Instructions to follow:
Extract, in full, the lines below, beginning at the first and ending with the line that contains "Vintag Taos New". Pictures do not belong in the copy.

The data:
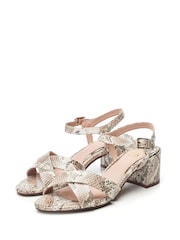 Moda in Pelle Lotsie Cross Over Block Two Part Sandals - Image 2 of 4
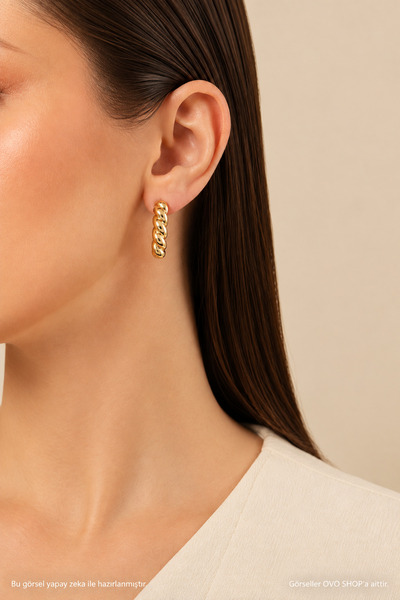 OVO SHOP Burgu Hakla Gold Old Money Casual Steel Women's Earrings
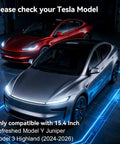 Tesla Model 3 2024-2026 and Model Y Juniper 2025 in garage, compatible with 15.4 inch screen protector kit, no glare matte glass
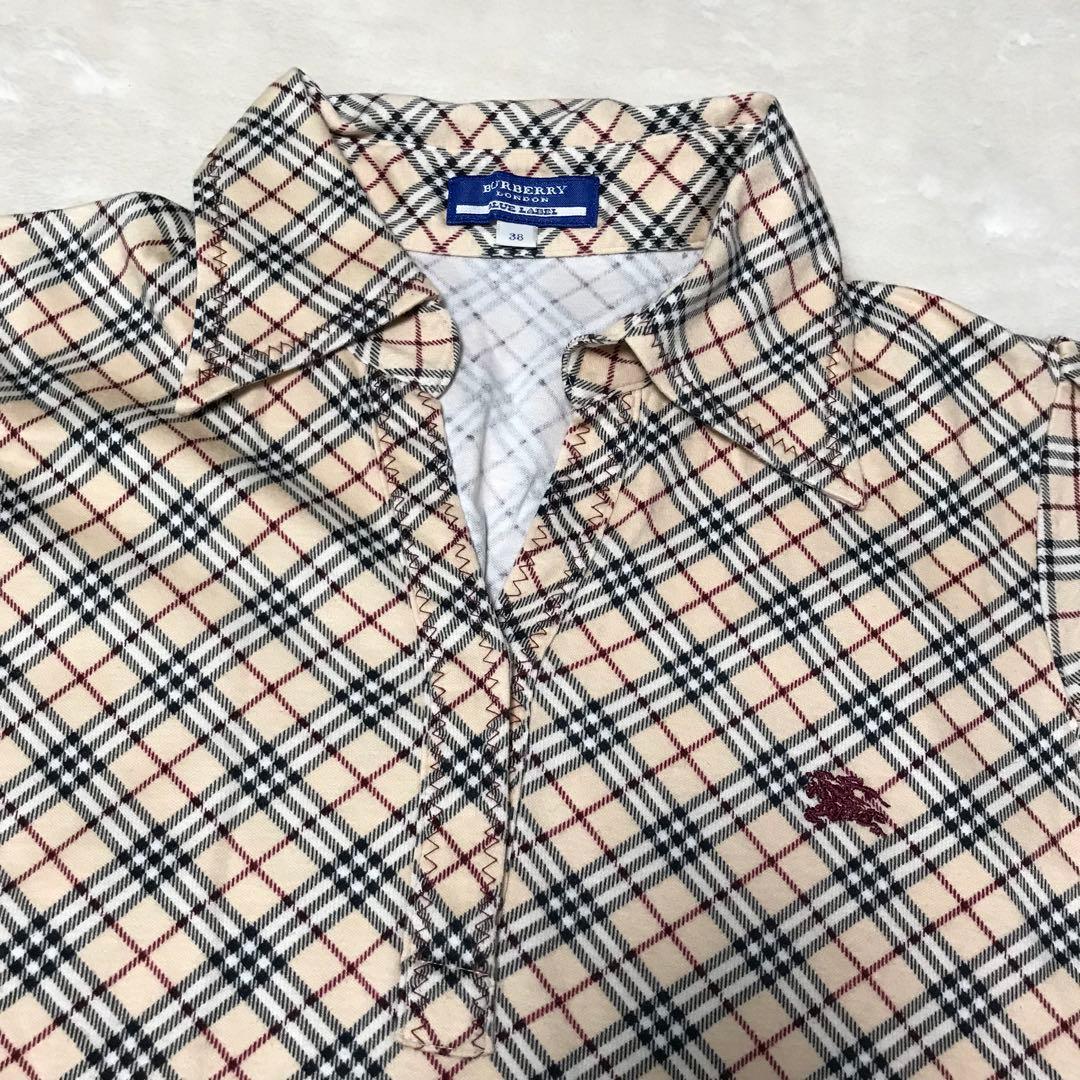 バーバリーブルーレーベル　ノースリーブ　パフスリーブ　ポロシャツ　ノバチェック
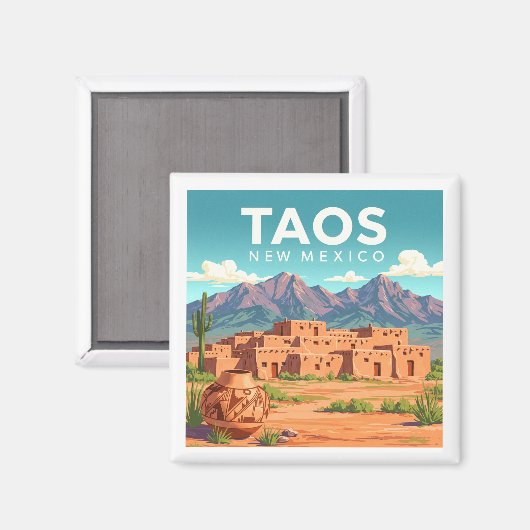 Vintag Taos New Mexico Magnet (Vorderseite/Rückseite)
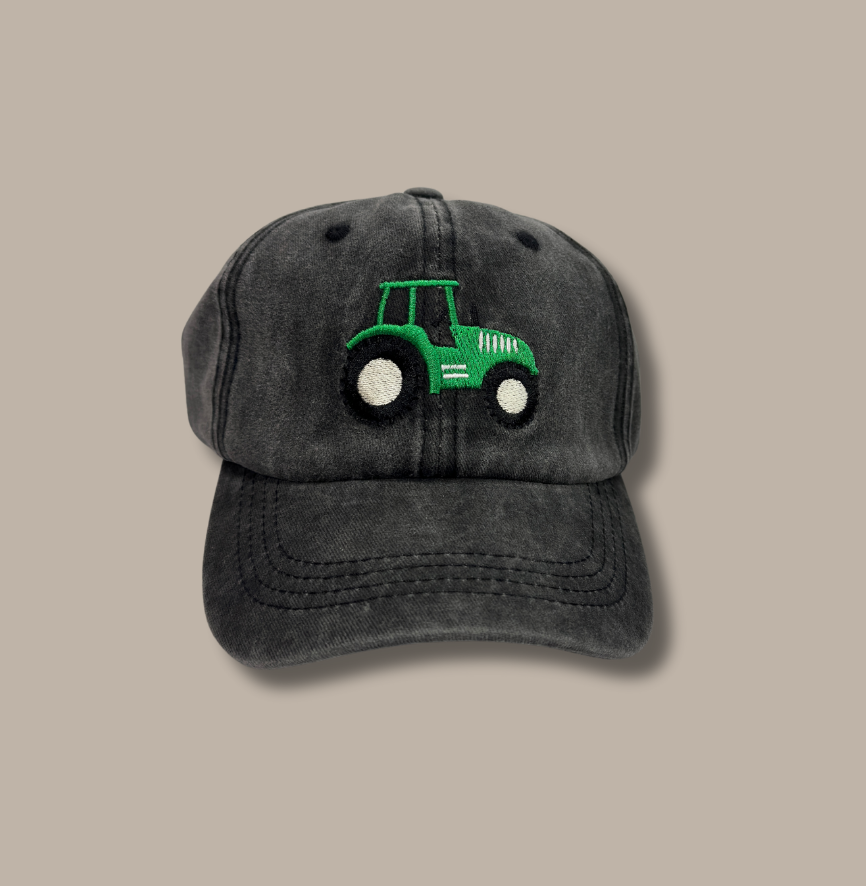 Children's Baseball Hat/Cap - Green  Tractor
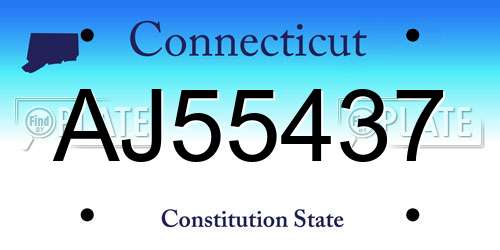 AJ55437 Connecticut License Plate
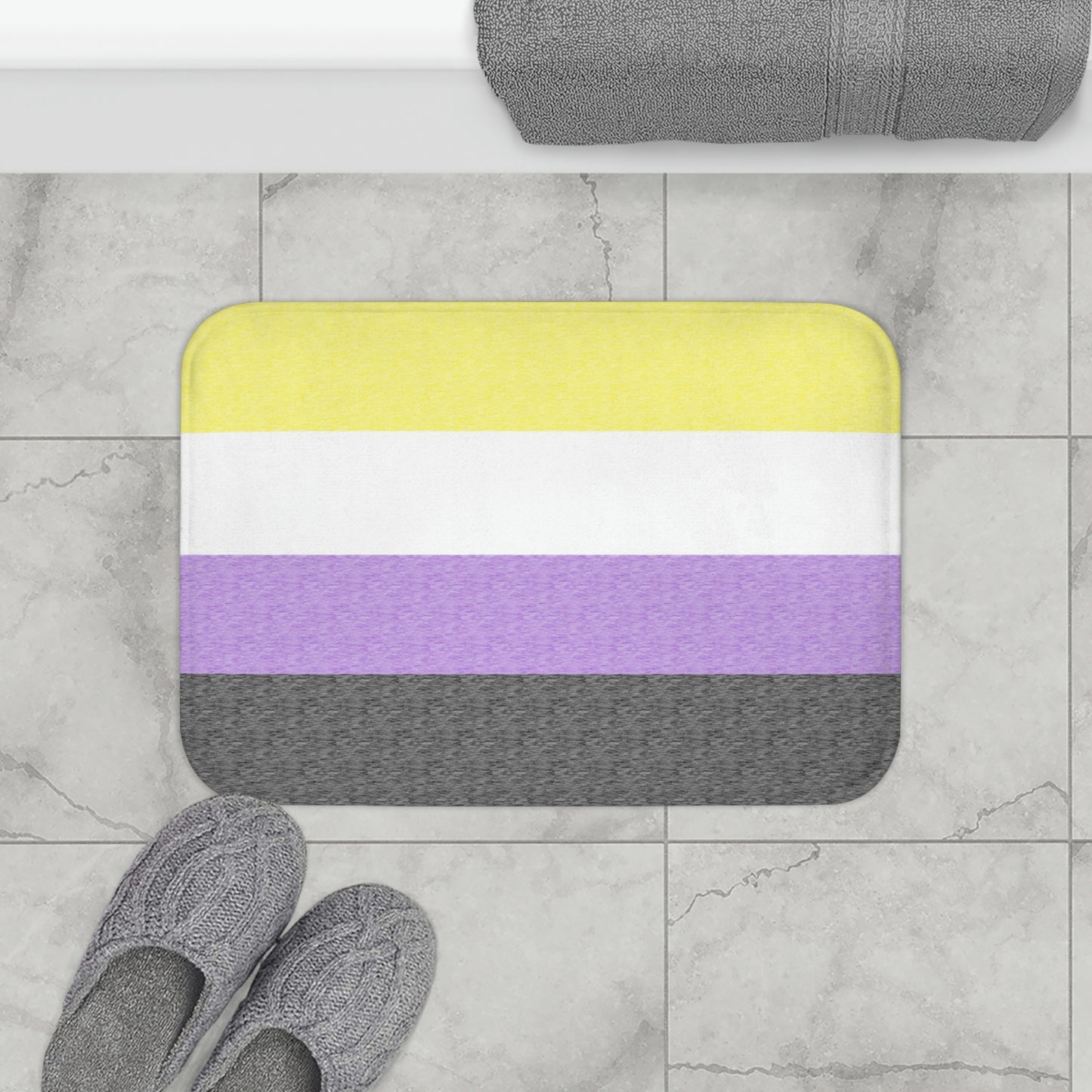 Non-Binary Flag Bath Mat, pencil crayon colours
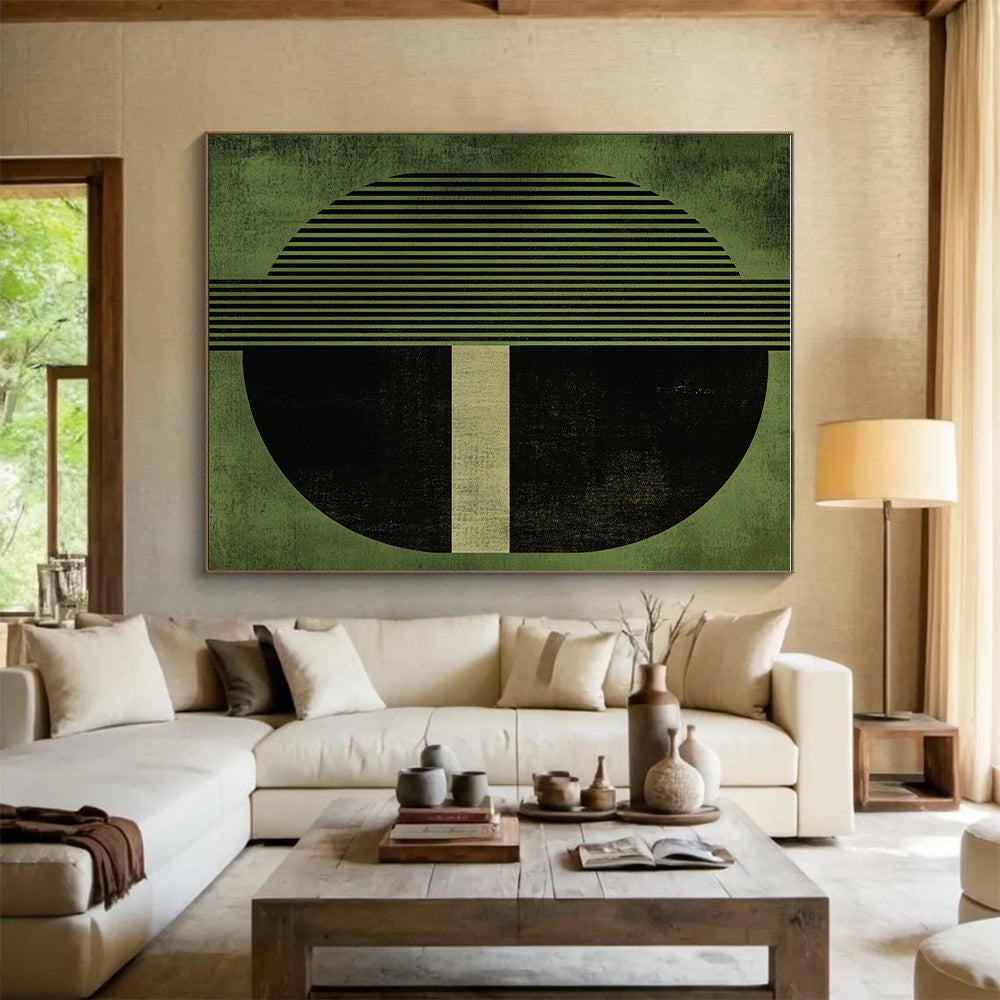 Geometric Green and Black Abstract Painting with Structured Elegance WINK151
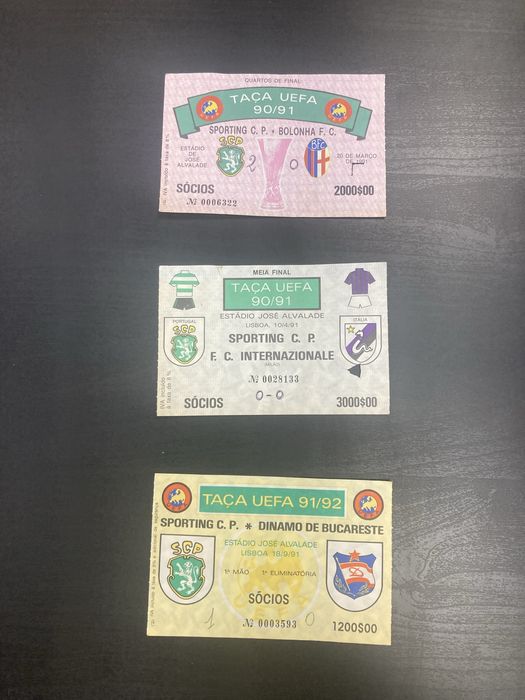 Bilhetes do Sporting antigos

Solution for this task:
 Moda in Pelle Lotsie Cross Over Block Two Part Sandals - Image 2 of 4
 OVO SHOP Burgu Hakla Gold Old Money Casual Steel Women's Earrings
 Tesla Model 3 2024-2026 and Model Y Juniper 2025 in garage, compatible with 15.4 inch screen protector kit, no glare matte glass
 バーバリーブルーレーベル　ノースリーブ　パフスリーブ　ポロシャツ　ノバチェック
 Vintag Taos New Mexico Magnet (Vorderseite/Rückseite)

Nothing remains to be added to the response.